I got two of these finally finished last weekend but hadn't downloaded the photos until tonight. Thanks so much to those who have posted various tutorials on this kind of thing. I don't have anything to top these with for this year but that is definitely on my list of to do things for next year.
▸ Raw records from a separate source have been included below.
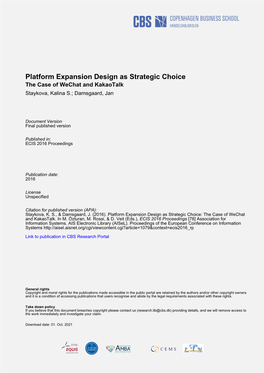 Platform Expansion Design As Strategic Choice: the Case of Wechat and Kakaotalk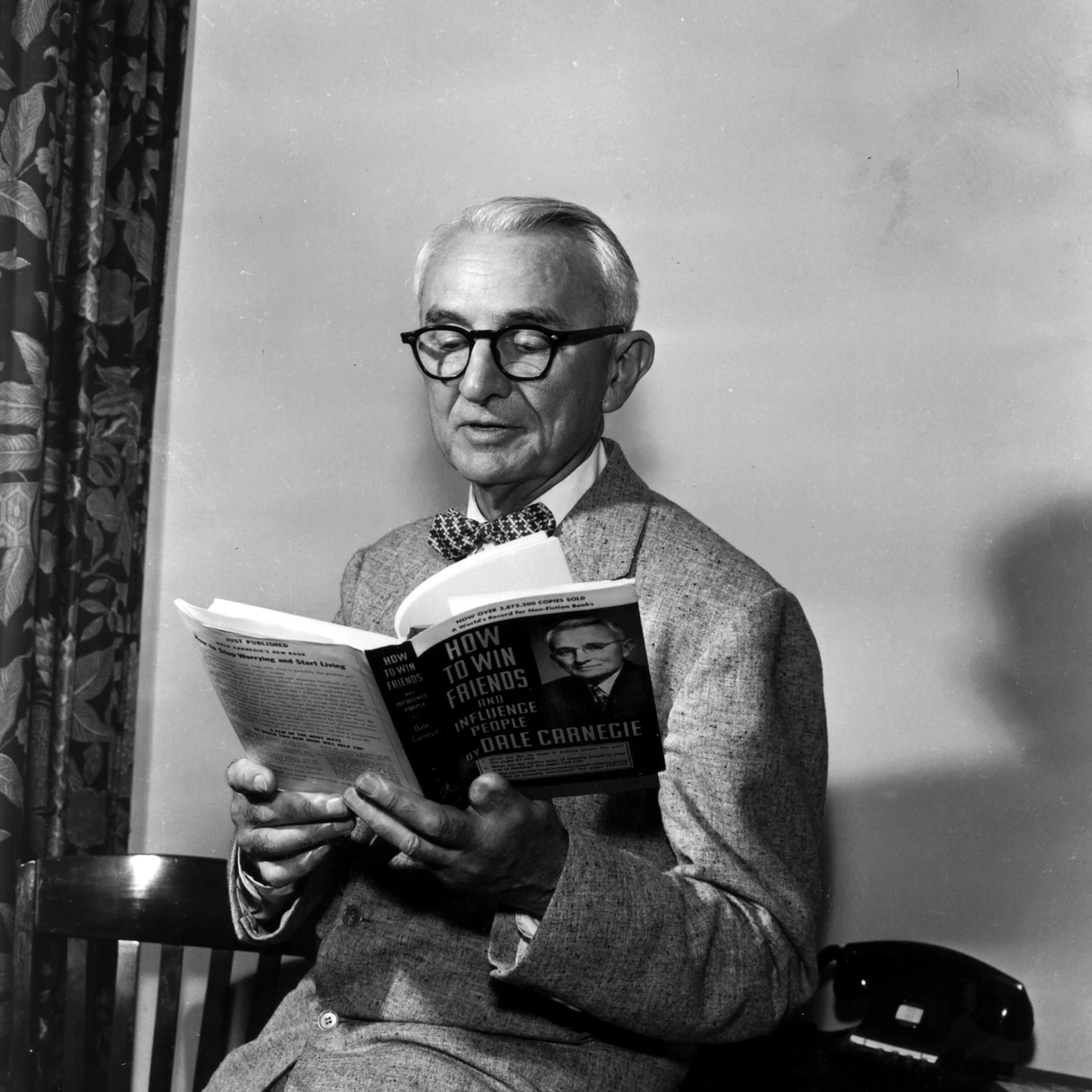 Dale Carnegie at the National Convention of the Sale Carnegie Institute of Effective Speaking and Human Relations on July 7, 1955.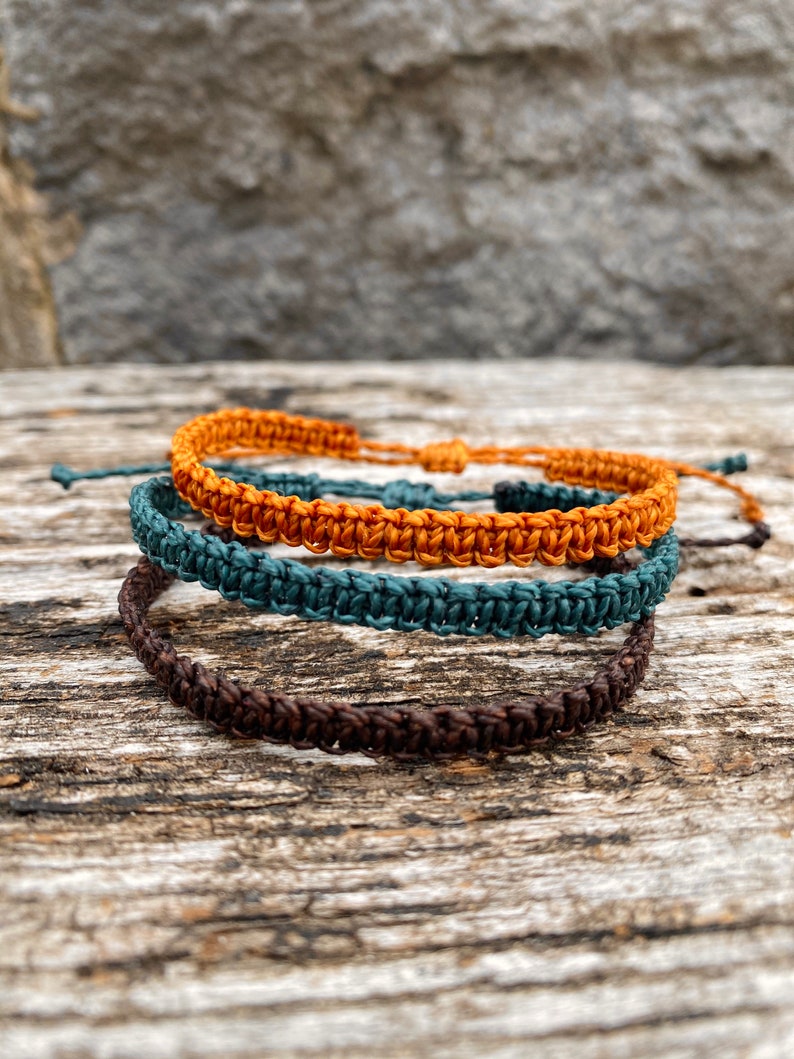Waxed cord macrame bracelet for men or women brown emerald Etsy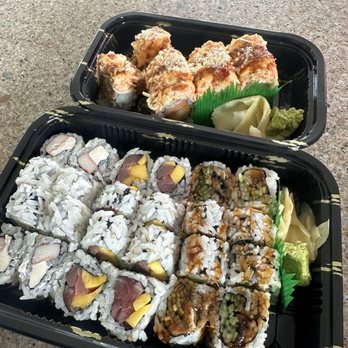 Fuji Grill & Sushi Bar - Top : Fuji Roll Bottom: Crabmeat Creamcheese Roll, Tuna mango roll, Eel Cucumber Roll - Sushi Bars Near Me - Rosemount, Minnesota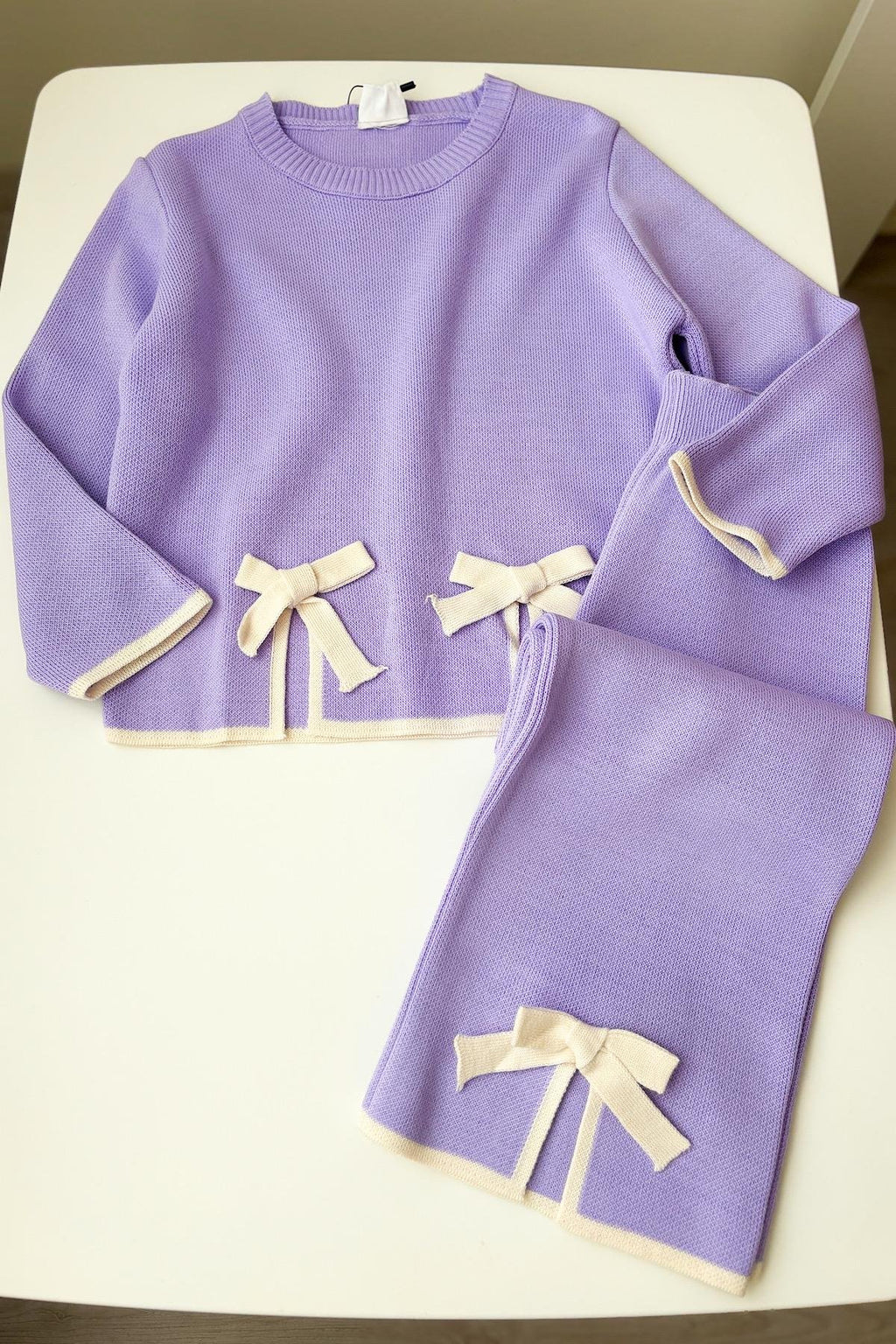 Kız Çocuk Kurdele Detay Triko Takım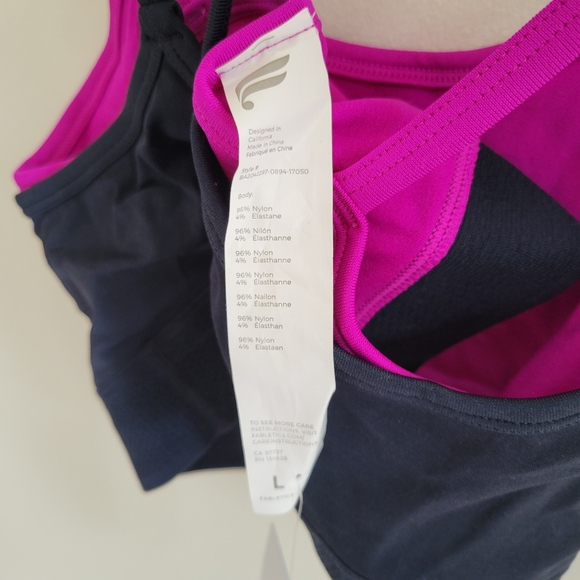 NWT Fabletics Poppy Seamless IV Sports Bra in Thunder/Fiesta Size L - Picture 5 of 8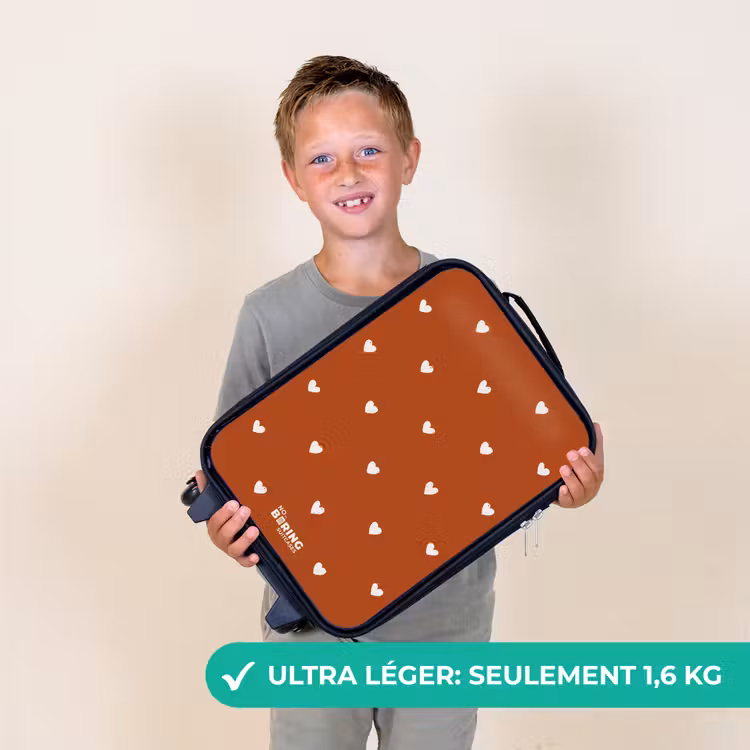 Valise enfant - Noir - Motif de cœur blanc sur fond orange-brun — 2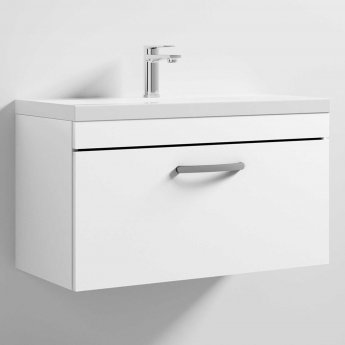 Nuie Athena Wall Hung 1-Drawer Vanity Unit with Basin-1 800mm Wide - Gloss White | Product Image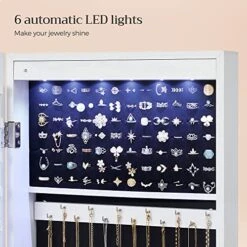 SONGMICS 6 LEDs Mirror Jewelry Cabinet, 47.2-Inch Tall Lockable Wall Or Door Mounted Jewelry Armoire Organizer With Mirror, 2 Drawers, White UJJC93W 9 SONGMICS 6 LEDs Mirror Jewelry Cabinet, 47.2-Inch Tall Lockable Wall Or Door Mounted Jewelry Armoire Organizer With Mirror, 2 Drawers, White UJJC93W -GENERIC Shop 51Xit6L4NOL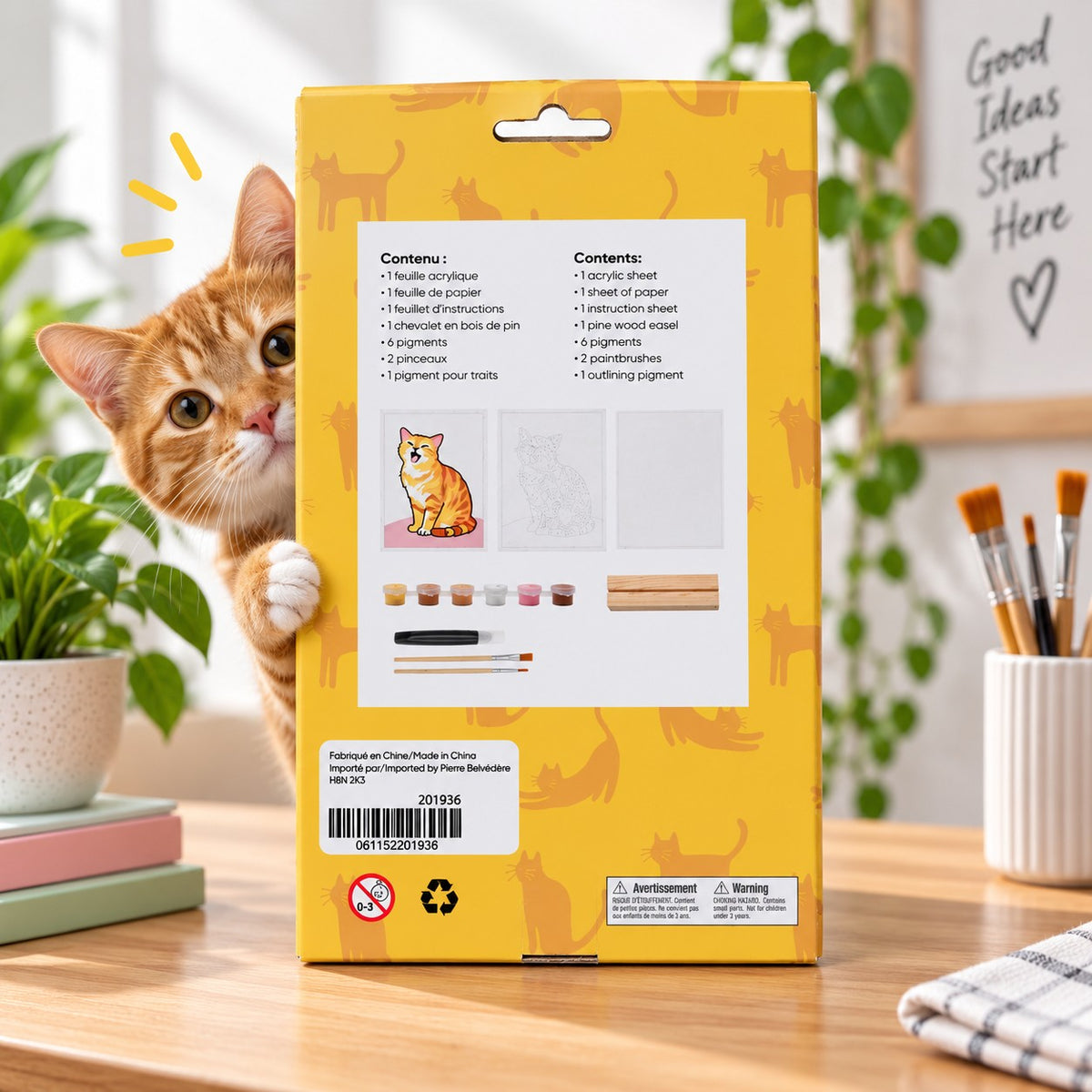 KIT PEINTURE PAR NUMÉROS SUR SURFACE ACRYLIQUE – CHAT - PBI ART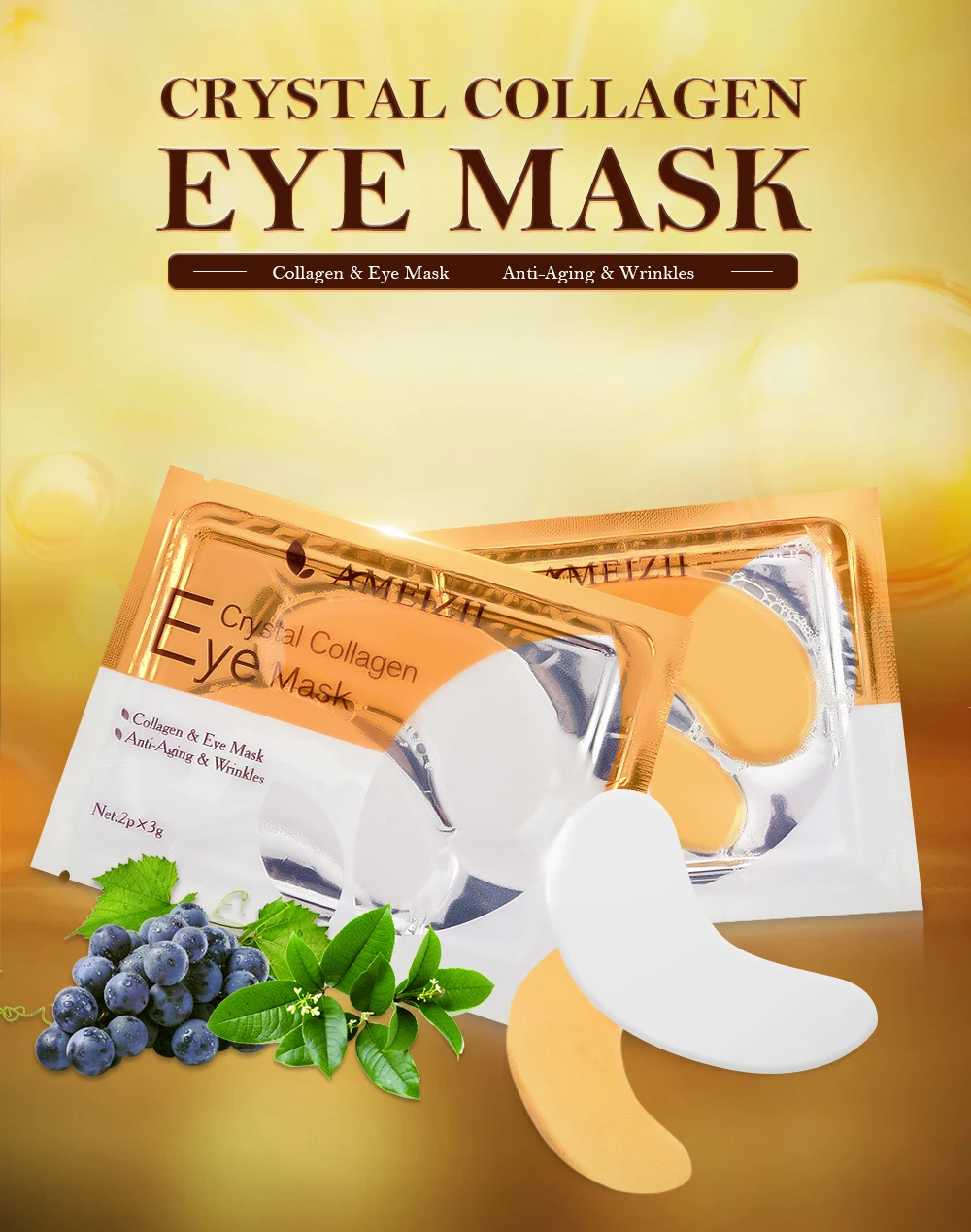 Ameizii 10 шт. 5 упаковок 24 к золотистый гель маски для глаз коллаген для ухода за кожей патчи для глаз подушечки против морщин Удаление темных кругов лечение глаз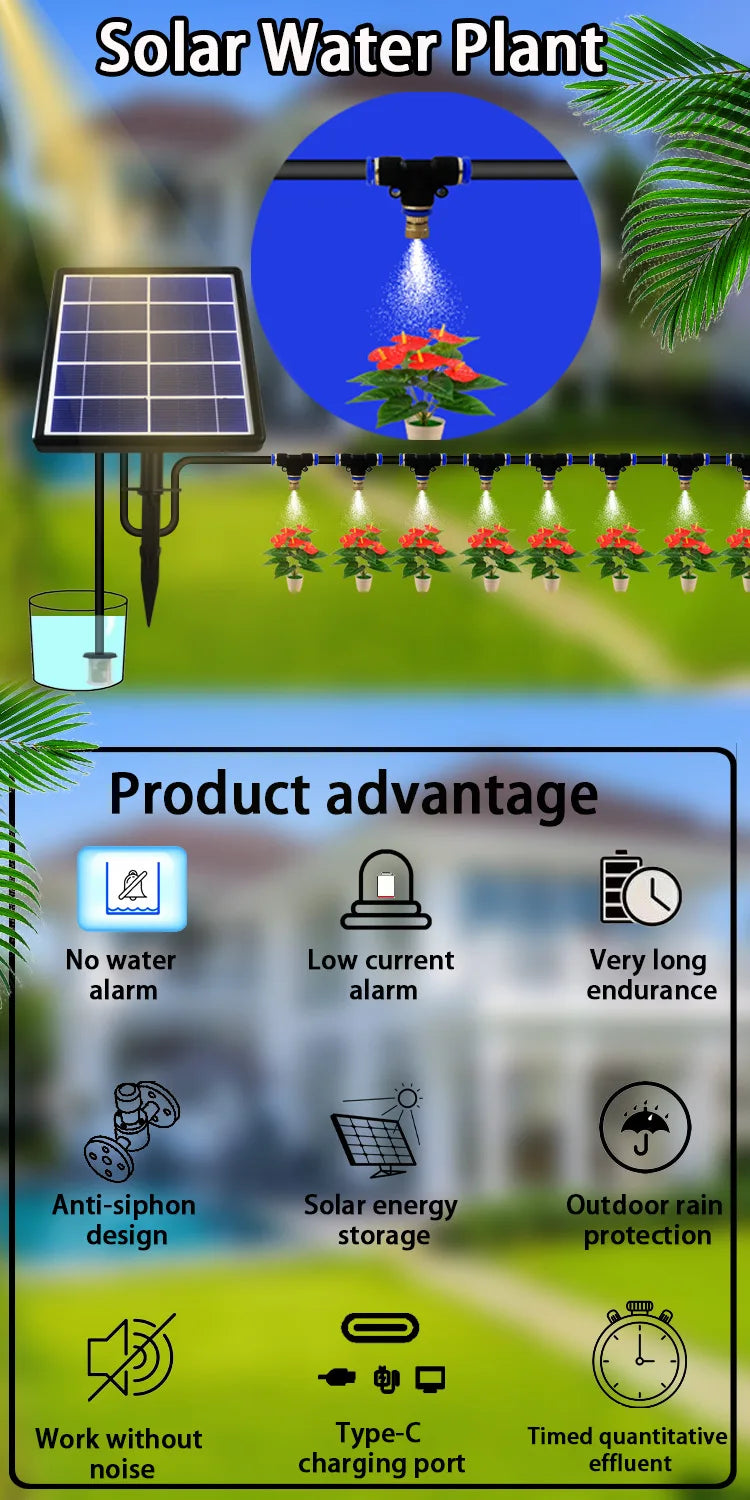 Solar Irrigation System for Garden Plant Automatic Drip Irrigation System DIY Garden Watering System Drip Hose Irrigation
Originally they were used for something else (my partner's ex is into all things Goddess) so I sanded them back, painted a "cement" colour and made the bases.


----------



## samhayne (Jul 3, 2008)

Original shape, well done.
I love it!


----------



## Dixie (Feb 18, 2009)

Excellent paint work - very realistic, and I also love the shape!


----------



## BrainSkillet (Oct 2, 2010)

These are great. The finish is really excellent


----------



## Death's Door (Mar 22, 2006)

Love it!!!!!


----------



## fick209 (Aug 31, 2009)

Really liking the original shape you gave them!! Very cool!


----------



## HalloweenZombie (Jul 22, 2007)

It's nice to see something different once in a while. Good work!


----------



## Spooky1 (Aug 25, 2008)

Those are definitely unique. I like them, they have a ancient feel to them.


----------



## Dreadnight (Jul 9, 2006)

Great work! Very "stone" looking.


----------



## ScreamingScarecrow (Oct 1, 2008)

Wow those cemetery column props are great! I like the unique shape.
Can wait to see pictures of them in action on Halloween!


----------



## Lady Nyxie (Aug 30, 2006)

Too cool.


----------



## walterb (Jul 27, 2010)

Like the red pig spider in the background


----------